Abdul Hadi Okal, from the Tal al-Zaatar area of ​​Jabalia camp in the northern Gaza Strip, said this while talking about his youngest son, Amir (5 years old), who never stops talking about the foods he loved before the war.

Yesterday, Amir was talking to his siblings about rice with chicken and Palestinian musakhan, which are among his favorite foods, and he had not tasted them since the first month of the war. His father, Abdul Hadi, told Al Jazeera Net, and continued, “Eating in the north has become the highest aspirations of children and adults.”

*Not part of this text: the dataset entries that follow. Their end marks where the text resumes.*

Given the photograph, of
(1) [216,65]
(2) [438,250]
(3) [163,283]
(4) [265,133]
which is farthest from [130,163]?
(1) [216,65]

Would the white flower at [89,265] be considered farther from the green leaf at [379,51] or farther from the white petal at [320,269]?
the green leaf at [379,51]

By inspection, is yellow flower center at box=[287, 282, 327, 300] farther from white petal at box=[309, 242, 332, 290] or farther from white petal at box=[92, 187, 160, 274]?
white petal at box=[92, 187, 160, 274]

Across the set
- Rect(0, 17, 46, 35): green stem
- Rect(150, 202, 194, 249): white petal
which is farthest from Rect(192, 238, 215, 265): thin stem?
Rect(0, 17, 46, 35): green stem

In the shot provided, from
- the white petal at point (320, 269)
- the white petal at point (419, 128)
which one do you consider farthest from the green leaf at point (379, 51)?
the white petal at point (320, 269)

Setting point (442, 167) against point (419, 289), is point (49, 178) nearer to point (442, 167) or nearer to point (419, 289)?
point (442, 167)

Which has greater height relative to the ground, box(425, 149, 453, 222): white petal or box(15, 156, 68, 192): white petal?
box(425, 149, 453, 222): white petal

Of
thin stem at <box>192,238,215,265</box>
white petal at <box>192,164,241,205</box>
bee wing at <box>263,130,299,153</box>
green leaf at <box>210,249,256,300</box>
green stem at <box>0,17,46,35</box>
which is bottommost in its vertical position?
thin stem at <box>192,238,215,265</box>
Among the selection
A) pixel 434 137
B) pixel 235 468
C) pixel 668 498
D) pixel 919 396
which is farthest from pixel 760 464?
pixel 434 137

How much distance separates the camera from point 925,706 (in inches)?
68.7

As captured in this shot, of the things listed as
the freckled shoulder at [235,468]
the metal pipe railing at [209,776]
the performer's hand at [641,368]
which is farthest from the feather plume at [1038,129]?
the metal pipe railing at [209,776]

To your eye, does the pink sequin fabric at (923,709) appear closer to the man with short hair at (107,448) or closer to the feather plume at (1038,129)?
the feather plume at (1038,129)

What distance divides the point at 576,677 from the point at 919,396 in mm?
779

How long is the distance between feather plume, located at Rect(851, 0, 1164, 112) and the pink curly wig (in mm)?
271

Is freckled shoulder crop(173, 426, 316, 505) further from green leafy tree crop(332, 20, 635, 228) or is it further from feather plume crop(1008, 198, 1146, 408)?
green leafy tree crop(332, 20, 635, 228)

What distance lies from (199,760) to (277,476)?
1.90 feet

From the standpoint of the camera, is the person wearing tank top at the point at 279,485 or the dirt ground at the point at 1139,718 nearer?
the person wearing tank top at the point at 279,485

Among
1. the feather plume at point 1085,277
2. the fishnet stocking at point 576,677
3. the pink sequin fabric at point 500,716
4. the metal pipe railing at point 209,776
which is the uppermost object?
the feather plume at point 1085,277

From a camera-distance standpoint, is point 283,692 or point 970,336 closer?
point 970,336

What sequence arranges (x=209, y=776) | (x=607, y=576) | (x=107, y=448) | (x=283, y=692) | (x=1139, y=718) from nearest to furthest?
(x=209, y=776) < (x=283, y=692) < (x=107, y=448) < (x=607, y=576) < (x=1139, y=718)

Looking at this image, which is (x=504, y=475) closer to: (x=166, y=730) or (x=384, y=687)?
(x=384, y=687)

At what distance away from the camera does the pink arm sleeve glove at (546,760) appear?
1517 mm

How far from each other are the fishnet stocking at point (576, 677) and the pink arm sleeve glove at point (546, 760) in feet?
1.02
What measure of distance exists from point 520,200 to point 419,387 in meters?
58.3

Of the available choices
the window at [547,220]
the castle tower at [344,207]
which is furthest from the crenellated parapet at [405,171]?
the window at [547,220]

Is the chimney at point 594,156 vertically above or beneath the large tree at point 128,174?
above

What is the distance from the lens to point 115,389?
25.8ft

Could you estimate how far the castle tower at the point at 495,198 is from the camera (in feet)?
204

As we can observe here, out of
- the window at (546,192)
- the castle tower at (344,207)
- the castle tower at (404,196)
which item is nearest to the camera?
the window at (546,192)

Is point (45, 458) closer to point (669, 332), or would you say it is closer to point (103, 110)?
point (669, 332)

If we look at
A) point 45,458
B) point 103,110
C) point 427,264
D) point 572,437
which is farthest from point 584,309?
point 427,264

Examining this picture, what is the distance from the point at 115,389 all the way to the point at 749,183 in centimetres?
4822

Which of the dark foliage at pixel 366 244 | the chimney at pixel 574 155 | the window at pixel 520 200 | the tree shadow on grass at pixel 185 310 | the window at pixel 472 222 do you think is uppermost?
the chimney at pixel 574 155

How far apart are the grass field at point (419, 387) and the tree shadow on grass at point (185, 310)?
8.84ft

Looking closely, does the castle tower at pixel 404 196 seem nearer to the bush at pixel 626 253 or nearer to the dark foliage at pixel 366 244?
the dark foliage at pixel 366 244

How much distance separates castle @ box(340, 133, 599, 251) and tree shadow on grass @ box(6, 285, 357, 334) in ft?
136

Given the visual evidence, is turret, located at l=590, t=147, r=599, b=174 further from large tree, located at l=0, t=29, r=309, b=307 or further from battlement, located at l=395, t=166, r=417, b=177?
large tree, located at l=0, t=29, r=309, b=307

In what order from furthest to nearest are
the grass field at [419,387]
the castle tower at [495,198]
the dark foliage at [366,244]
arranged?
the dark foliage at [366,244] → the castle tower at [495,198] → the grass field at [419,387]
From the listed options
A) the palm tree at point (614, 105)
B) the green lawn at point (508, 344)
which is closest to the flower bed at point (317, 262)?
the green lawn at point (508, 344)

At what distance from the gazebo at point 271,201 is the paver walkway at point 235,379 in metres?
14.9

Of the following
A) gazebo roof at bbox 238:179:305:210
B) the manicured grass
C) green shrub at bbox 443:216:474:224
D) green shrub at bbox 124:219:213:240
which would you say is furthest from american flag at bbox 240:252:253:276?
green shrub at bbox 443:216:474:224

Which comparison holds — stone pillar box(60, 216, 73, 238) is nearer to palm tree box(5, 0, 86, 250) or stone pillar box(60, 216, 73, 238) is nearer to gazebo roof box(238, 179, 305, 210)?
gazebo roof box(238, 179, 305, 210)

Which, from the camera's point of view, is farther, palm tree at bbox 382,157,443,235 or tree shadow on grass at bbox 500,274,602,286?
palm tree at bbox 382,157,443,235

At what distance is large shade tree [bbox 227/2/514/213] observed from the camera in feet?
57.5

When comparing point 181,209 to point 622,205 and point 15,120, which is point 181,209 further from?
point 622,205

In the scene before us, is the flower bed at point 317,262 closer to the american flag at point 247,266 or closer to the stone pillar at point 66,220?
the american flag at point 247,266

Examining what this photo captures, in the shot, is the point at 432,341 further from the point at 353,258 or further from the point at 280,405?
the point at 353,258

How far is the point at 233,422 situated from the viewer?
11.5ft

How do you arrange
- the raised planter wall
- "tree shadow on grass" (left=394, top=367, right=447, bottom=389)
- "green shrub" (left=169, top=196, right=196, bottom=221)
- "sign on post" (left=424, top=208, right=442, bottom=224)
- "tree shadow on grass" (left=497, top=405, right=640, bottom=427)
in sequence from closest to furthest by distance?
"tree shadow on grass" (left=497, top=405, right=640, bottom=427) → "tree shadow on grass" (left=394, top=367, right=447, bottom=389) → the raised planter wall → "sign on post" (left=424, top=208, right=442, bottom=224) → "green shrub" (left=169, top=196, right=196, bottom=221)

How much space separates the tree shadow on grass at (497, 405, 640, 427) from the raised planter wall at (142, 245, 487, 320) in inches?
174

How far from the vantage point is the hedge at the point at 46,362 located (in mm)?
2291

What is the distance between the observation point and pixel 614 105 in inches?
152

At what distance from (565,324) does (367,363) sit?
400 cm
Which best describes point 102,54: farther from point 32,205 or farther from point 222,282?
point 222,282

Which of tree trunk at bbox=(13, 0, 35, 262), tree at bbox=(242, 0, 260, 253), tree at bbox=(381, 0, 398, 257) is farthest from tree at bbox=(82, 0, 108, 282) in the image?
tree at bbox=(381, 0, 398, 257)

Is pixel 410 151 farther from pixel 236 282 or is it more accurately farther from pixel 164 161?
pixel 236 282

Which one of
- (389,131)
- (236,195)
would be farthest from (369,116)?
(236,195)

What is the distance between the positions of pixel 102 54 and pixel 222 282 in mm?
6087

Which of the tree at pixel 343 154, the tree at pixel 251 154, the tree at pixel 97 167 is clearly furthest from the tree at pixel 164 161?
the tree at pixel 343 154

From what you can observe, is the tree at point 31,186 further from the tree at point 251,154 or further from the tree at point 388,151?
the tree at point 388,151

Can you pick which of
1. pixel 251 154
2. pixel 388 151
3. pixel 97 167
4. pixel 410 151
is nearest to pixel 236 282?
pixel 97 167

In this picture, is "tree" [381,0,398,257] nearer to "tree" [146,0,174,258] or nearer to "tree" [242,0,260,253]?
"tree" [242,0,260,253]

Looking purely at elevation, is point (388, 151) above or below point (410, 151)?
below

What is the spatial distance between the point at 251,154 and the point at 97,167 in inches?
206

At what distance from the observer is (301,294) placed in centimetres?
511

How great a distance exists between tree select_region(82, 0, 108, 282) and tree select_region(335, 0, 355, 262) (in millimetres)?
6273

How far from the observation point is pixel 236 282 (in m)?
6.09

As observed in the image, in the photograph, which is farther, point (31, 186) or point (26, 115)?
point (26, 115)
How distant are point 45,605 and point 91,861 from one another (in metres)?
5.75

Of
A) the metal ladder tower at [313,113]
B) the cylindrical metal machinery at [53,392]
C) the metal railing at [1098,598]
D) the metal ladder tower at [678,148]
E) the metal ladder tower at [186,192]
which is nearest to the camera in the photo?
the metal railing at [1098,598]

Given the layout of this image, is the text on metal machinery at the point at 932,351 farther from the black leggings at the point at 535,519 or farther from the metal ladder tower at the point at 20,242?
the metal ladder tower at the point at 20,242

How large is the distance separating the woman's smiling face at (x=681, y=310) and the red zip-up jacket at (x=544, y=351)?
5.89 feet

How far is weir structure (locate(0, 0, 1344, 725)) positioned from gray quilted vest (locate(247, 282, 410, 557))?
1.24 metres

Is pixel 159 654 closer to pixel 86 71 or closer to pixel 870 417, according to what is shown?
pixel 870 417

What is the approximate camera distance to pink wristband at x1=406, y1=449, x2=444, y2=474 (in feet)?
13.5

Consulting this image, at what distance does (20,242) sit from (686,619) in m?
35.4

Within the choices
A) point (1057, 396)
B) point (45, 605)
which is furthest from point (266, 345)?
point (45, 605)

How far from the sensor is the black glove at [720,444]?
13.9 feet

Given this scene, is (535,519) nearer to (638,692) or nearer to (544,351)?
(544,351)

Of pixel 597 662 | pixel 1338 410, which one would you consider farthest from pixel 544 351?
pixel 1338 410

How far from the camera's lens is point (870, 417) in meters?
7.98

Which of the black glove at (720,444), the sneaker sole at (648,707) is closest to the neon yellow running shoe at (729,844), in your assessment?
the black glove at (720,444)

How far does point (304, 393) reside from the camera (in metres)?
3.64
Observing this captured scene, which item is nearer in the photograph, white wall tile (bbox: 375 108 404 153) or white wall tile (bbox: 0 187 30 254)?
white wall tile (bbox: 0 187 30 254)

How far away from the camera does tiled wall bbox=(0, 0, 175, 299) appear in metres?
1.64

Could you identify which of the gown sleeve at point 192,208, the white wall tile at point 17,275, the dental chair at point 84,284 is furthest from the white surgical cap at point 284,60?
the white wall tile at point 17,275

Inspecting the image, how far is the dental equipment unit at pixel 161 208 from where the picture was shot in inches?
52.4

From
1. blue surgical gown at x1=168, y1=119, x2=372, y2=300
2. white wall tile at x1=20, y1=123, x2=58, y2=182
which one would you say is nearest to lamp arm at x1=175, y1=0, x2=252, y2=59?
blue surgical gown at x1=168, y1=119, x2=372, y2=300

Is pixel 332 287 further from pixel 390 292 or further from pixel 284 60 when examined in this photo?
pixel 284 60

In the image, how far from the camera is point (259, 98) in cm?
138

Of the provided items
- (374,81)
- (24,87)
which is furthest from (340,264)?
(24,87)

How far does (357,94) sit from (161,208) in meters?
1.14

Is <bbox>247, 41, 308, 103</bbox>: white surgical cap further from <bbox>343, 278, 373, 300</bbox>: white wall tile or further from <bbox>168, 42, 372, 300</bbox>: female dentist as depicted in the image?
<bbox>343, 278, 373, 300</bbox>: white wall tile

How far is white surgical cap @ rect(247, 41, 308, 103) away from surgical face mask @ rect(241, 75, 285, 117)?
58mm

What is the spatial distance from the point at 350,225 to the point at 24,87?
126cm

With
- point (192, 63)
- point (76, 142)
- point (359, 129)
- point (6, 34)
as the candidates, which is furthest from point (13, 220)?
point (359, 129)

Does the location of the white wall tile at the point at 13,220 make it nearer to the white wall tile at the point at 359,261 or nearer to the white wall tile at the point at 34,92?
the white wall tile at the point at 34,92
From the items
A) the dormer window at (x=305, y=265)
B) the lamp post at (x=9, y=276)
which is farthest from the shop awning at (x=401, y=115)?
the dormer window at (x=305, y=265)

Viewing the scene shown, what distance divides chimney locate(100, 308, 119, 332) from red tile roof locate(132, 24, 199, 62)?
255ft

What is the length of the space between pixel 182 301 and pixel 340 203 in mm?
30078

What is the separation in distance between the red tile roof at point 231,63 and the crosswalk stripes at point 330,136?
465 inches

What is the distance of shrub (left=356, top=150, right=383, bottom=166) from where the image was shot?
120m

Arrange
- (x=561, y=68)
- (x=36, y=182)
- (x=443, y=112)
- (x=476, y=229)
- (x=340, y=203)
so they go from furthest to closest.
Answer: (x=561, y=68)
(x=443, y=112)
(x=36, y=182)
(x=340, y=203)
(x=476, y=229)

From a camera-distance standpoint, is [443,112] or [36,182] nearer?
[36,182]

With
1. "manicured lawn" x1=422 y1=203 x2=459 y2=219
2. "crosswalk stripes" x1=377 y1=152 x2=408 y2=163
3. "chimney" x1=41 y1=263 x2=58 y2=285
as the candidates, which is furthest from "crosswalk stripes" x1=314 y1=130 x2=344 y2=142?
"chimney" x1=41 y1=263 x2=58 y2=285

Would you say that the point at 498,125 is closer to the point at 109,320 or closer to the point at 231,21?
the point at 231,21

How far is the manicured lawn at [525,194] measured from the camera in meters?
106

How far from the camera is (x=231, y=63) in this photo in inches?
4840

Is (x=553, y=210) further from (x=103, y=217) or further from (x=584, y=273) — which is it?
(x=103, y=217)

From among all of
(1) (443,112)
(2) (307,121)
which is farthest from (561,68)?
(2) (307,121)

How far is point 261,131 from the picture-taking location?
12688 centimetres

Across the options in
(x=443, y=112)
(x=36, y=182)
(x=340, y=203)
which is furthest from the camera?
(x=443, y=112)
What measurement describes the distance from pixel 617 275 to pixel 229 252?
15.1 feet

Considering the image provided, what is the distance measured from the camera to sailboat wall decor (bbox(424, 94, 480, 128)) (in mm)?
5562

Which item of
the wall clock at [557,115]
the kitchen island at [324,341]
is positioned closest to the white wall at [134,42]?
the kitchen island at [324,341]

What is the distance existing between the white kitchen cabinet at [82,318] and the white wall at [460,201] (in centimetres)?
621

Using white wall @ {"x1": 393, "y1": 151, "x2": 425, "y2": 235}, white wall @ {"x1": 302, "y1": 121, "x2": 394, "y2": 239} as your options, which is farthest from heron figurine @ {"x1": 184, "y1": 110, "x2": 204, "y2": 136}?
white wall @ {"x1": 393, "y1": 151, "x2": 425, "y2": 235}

The logistical area to line up aid trucks heading to Gaza near the Rafah crossing (Al Jazeera)

Astronomical prices

Chicken has completely disappeared from the markets in the northern Gaza Strip, while very small quantities of red meat are available at prices that Abdul Hadi describes as astronomical. With the exception of hibiscus, a few carrots, and homemade sweets, the markets are completely empty.

According to Abdel Hadi, the prices of what is available in the markets have risen from 200 to 1000%, and are not commensurate with the conditions of the majority of Gazans, who lost their jobs and ran out of money during the war and do not have anything they own to manage their basic life affairs.

This forty-year-old man is very concerned about his children and their peers in the north, who are showing signs of weakness and exhaustion as a result of extreme hunger. Among these children is the son of his friend Ahmed Abdel Hakim (5 years old), who was spoiled by his family and loved eating in restaurants.

Abdul Hadi says that the occupation forces destroyed all the bakeries and restaurants in the northern Gaza Strip, many of them in Gaza City. “They set Gaza back 500 years, not just 50 years,” referring to a statement by the Minister of the Occupation Army, Yoav Galant, at the beginning of the war.